Dataset entries:
Content starts

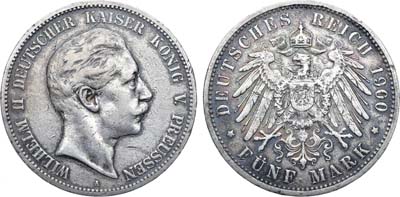 Лот №88,  Германская империя. Королевство Пруссия. Король Вильгельм II. 5 марок 1900 года.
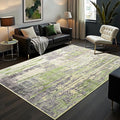 Toneed Abstract Area Rug Modern Washable Rug Soft Non Slip Rug Low Pile for Bedroom Living Room Dining Room Green 6x9 Feet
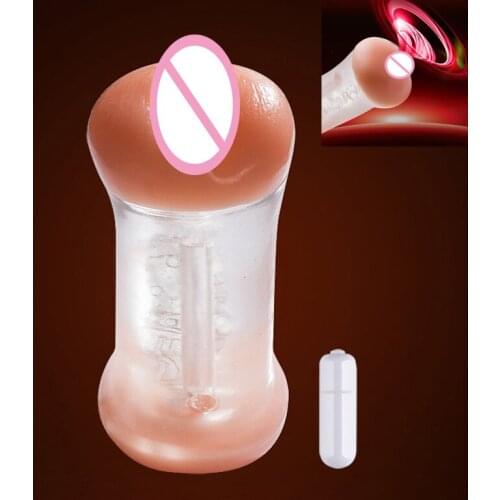 Male Masturbation Cup Vibrating Aircraft Cup Realistic Artificial Vagina Anal Sex Man Masturbator Cup Adult Sex Toys For Man Gay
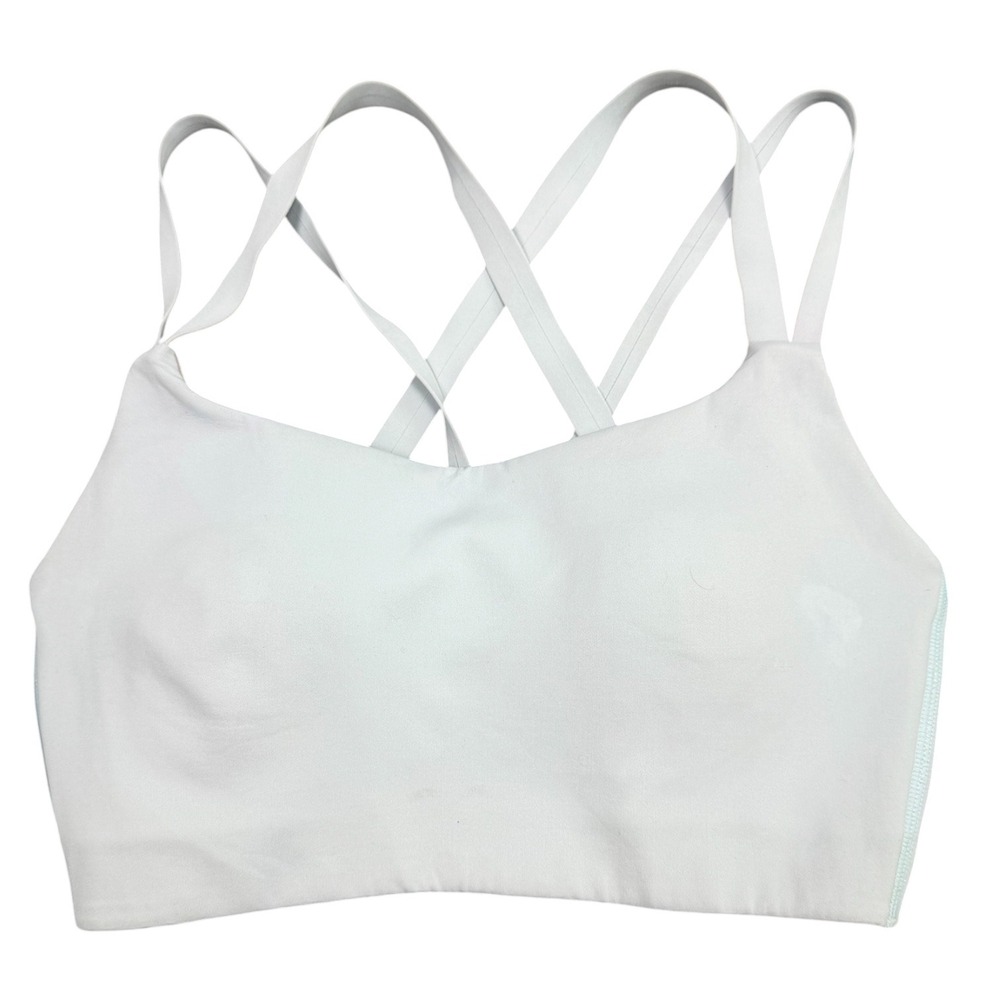 Sports Bra Womens XS Light Blue Strappy Back Yoga‎ Gym Athletic Workout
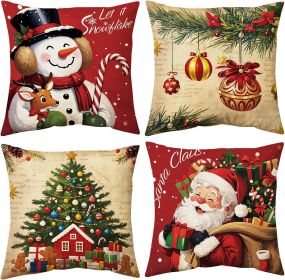 Christmas Pillow Covers 18x18 inch Set of 4, Christmas Decorations Cushion Covers, Xmas Pillow Covers
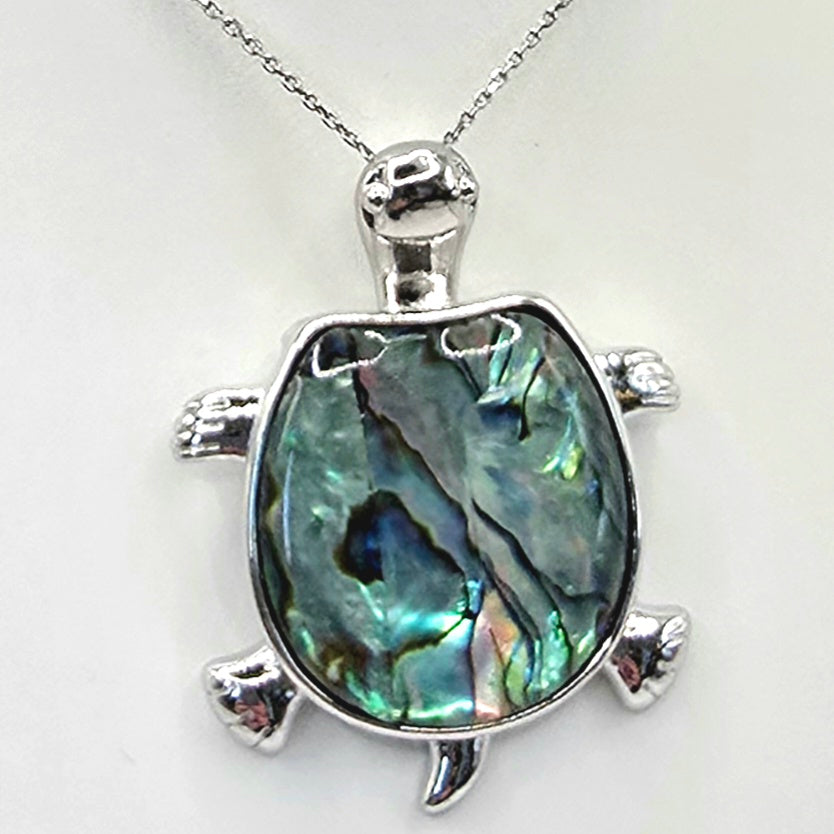 Anhänger Schildkröte Messing versilbert Abalone Solo by DAVUTA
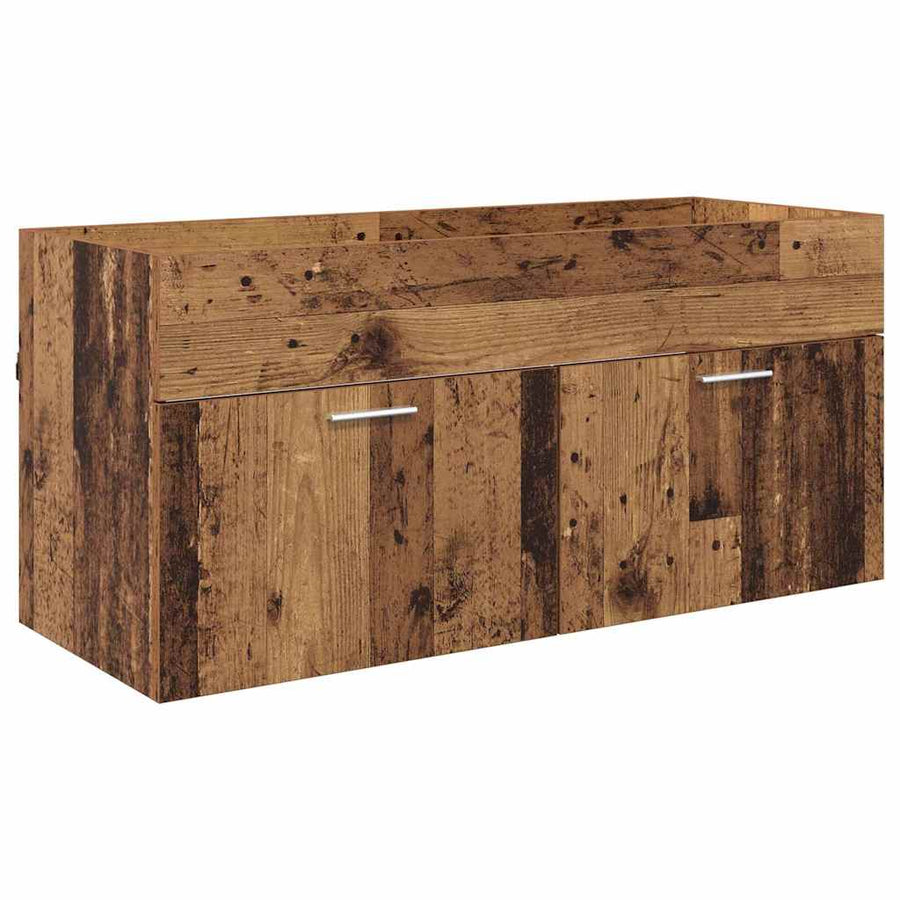 Badkamerkast met lade Oud Hout 100 x 38,5 x 46 cm Bewerkt hout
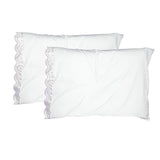400TC Reverse U Shape Embroidery Cotton Solid Pillowcases (Set Of 2)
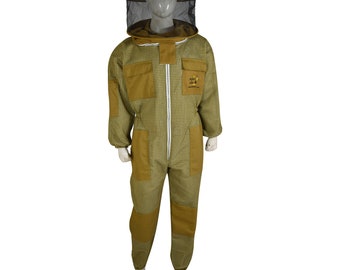 Beekeeping Ventilated Suit Three Layer Mesh Ultra Round Veil in Khaki Colour (1 X Free Gloves)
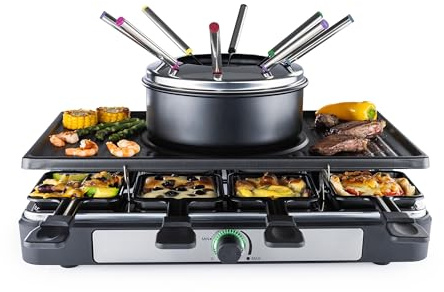 GOURMETmaxx 2-in-1 Raclette mit Fondue | Raclette Set 8 Personen – ideal als Partygrill | Raclette-Fondue-Kombination mit je 8 Pfännchen, Spateln, Fonduegabeln | Raclette mit Fondue-Set mit Fonduetopf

Content ends

Your assignment: Leave the pictures out and retype only the lines from the line with "Beekeeping Ventilated Suit" through the final line of the material, both ends included, word for word.

Worked solution:
 Beekeeping Ventilated Suit Three Layer Mesh Ultra Round Veil in Khaki Colour (1 X Free Gloves)
 GOURMETmaxx 2-in-1 Raclette mit Fondue | Raclette Set 8 Personen – ideal als Partygrill | Raclette-Fondue-Kombination mit je 8 Pfännchen, Spateln, Fonduegabeln | Raclette mit Fondue-Set mit Fonduetopf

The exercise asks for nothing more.